§ TASK ITEM
Of the lines in the data below, write out exactly those from the one holding "Additional property image" through the one holding "Alfa Romeo 147", both included.

[[ SUPPLIED INFORMATION, beginning ]]

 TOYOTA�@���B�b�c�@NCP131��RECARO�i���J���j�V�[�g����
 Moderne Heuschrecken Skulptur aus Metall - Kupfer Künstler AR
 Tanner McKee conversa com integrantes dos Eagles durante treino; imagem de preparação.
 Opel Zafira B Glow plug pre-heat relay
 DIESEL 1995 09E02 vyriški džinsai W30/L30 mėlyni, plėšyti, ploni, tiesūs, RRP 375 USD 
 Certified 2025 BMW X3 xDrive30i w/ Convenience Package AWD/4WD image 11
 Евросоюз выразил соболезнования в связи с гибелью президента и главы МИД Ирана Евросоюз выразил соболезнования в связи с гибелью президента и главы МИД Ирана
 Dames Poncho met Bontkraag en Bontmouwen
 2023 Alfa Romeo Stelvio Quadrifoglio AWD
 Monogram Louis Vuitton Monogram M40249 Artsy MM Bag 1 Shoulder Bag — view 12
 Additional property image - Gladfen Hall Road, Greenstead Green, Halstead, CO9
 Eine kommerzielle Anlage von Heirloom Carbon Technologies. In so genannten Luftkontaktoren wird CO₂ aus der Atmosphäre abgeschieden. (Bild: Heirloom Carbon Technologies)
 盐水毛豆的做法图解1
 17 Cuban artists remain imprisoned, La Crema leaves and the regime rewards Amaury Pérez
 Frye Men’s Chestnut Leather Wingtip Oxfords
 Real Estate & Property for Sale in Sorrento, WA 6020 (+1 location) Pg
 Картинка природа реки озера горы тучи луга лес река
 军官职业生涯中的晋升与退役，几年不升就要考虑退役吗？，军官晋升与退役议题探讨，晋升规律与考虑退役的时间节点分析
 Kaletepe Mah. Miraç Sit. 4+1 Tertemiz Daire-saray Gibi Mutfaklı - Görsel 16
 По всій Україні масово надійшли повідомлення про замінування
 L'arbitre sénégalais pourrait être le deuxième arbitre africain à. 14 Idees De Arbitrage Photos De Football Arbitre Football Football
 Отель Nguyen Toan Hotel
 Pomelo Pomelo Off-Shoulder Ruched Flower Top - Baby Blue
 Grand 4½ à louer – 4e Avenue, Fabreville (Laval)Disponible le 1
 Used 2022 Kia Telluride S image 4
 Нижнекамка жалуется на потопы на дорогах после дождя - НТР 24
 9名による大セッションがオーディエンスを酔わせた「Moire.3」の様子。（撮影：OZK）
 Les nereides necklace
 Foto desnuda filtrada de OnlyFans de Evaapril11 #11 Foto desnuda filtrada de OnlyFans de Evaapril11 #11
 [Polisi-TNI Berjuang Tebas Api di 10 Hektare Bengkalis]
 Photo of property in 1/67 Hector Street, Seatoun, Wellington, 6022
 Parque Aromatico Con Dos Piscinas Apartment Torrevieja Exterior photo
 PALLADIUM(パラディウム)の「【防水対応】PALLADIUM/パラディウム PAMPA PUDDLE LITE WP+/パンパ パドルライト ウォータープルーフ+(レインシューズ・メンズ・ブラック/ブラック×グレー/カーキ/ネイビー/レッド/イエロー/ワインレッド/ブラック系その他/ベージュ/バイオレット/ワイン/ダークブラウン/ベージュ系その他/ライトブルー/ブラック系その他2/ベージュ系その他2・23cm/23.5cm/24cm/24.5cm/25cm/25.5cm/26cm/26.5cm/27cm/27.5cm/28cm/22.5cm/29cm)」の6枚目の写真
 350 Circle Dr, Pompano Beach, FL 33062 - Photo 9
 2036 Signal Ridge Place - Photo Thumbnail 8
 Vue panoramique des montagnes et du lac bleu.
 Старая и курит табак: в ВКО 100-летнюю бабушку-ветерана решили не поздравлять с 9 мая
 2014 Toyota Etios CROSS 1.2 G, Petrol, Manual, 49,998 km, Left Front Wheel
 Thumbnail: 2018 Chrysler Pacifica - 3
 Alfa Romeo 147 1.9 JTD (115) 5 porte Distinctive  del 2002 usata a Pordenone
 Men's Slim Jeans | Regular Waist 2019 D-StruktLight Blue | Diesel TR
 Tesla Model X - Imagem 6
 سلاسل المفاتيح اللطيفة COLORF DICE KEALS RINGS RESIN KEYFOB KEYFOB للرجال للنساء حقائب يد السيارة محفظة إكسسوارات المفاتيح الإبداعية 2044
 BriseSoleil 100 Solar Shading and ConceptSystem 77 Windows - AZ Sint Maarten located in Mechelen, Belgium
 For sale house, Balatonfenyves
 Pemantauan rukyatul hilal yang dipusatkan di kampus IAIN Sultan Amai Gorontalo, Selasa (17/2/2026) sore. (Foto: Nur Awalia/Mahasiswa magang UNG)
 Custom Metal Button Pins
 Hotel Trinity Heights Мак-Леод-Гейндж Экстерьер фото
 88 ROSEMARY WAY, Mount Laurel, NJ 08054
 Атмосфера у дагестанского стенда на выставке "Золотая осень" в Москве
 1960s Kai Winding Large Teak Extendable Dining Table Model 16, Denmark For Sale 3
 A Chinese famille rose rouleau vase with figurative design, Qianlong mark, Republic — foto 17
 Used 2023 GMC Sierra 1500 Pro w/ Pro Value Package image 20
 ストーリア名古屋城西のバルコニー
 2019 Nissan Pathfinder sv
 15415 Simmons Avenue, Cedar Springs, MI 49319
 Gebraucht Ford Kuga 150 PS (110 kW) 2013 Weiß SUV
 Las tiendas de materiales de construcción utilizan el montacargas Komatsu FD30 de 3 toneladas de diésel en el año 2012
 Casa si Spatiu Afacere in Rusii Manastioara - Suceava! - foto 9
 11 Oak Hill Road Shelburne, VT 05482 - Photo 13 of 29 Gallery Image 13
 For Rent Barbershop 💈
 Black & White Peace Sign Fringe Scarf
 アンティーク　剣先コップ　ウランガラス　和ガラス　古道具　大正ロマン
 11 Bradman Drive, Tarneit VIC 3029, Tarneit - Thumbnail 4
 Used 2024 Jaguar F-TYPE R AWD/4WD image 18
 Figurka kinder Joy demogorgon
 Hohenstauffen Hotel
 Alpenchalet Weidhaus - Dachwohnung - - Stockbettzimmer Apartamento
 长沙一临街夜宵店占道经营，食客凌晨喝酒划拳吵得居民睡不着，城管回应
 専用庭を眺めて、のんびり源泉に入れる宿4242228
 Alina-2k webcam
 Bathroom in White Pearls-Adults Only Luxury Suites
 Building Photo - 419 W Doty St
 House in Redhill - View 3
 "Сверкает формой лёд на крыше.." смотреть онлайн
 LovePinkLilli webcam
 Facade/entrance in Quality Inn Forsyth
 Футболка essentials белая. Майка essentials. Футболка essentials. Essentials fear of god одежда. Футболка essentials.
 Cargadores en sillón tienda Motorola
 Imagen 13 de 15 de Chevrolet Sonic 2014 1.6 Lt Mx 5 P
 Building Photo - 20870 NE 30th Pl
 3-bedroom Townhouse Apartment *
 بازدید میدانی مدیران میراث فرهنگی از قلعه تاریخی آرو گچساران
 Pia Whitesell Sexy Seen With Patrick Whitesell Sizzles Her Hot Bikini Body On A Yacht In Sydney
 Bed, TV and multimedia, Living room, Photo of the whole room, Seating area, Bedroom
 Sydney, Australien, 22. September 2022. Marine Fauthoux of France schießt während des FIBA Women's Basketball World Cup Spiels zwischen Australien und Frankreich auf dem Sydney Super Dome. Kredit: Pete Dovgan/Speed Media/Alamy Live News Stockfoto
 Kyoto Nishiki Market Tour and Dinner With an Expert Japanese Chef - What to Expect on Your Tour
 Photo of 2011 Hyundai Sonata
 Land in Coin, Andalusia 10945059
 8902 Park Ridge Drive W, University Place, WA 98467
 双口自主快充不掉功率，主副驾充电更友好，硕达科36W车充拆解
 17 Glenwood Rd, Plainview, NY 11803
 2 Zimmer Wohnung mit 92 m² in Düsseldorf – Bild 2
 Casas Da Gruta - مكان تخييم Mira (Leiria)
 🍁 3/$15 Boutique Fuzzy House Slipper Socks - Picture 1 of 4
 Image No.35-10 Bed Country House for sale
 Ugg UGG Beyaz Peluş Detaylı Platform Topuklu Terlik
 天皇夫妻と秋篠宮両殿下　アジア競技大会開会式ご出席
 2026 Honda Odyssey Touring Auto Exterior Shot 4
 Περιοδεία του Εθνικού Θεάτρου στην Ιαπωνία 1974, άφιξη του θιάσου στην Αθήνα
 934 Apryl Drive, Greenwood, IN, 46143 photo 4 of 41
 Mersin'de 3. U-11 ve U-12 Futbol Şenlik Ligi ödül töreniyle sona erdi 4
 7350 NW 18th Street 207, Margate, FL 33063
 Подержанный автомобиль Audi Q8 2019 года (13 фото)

[[ SUPPLIED INFORMATION, end ]]

§ COMPLETED TASK
 Additional property image - Gladfen Hall Road, Greenstead Green, Halstead, CO9
 Eine kommerzielle Anlage von Heirloom Carbon Technologies. In so genannten Luftkontaktoren wird CO₂ aus der Atmosphäre abgeschieden. (Bild: Heirloom Carbon Technologies)
 盐水毛豆的做法图解1
 17 Cuban artists remain imprisoned, La Crema leaves and the regime rewards Amaury Pérez
 Frye Men’s Chestnut Leather Wingtip Oxfords
 Real Estate & Property for Sale in Sorrento, WA 6020 (+1 location) Pg
 Картинка природа реки озера горы тучи луга лес река
 军官职业生涯中的晋升与退役，几年不升就要考虑退役吗？，军官晋升与退役议题探讨，晋升规律与考虑退役的时间节点分析
 Kaletepe Mah. Miraç Sit. 4+1 Tertemiz Daire-saray Gibi Mutfaklı - Görsel 16
 По всій Україні масово надійшли повідомлення про замінування
 L'arbitre sénégalais pourrait être le deuxième arbitre africain à. 14 Idees De Arbitrage Photos De Football Arbitre Football Football
 Отель Nguyen Toan Hotel
 Pomelo Pomelo Off-Shoulder Ruched Flower Top - Baby Blue
 Grand 4½ à louer – 4e Avenue, Fabreville (Laval)Disponible le 1
 Used 2022 Kia Telluride S image 4
 Нижнекамка жалуется на потопы на дорогах после дождя - НТР 24
 9名による大セッションがオーディエンスを酔わせた「Moire.3」の様子。（撮影：OZK）
 Les nereides necklace
 Foto desnuda filtrada de OnlyFans de Evaapril11 #11 Foto desnuda filtrada de OnlyFans de Evaapril11 #11
 [Polisi-TNI Berjuang Tebas Api di 10 Hektare Bengkalis]
 Photo of property in 1/67 Hector Street, Seatoun, Wellington, 6022
 Parque Aromatico Con Dos Piscinas Apartment Torrevieja Exterior photo
 PALLADIUM(パラディウム)の「【防水対応】PALLADIUM/パラディウム PAMPA PUDDLE LITE WP+/パンパ パドルライト ウォータープルーフ+(レインシューズ・メンズ・ブラック/ブラック×グレー/カーキ/ネイビー/レッド/イエロー/ワインレッド/ブラック系その他/ベージュ/バイオレット/ワイン/ダークブラウン/ベージュ系その他/ライトブルー/ブラック系その他2/ベージュ系その他2・23cm/23.5cm/24cm/24.5cm/25cm/25.5cm/26cm/26.5cm/27cm/27.5cm/28cm/22.5cm/29cm)」の6枚目の写真
 350 Circle Dr, Pompano Beach, FL 33062 - Photo 9
 2036 Signal Ridge Place - Photo Thumbnail 8
 Vue panoramique des montagnes et du lac bleu.
 Старая и курит табак: в ВКО 100-летнюю бабушку-ветерана решили не поздравлять с 9 мая
 2014 Toyota Etios CROSS 1.2 G, Petrol, Manual, 49,998 km, Left Front Wheel
 Thumbnail: 2018 Chrysler Pacifica - 3
 Alfa Romeo 147 1.9 JTD (115) 5 porte Distinctive  del 2002 usata a Pordenone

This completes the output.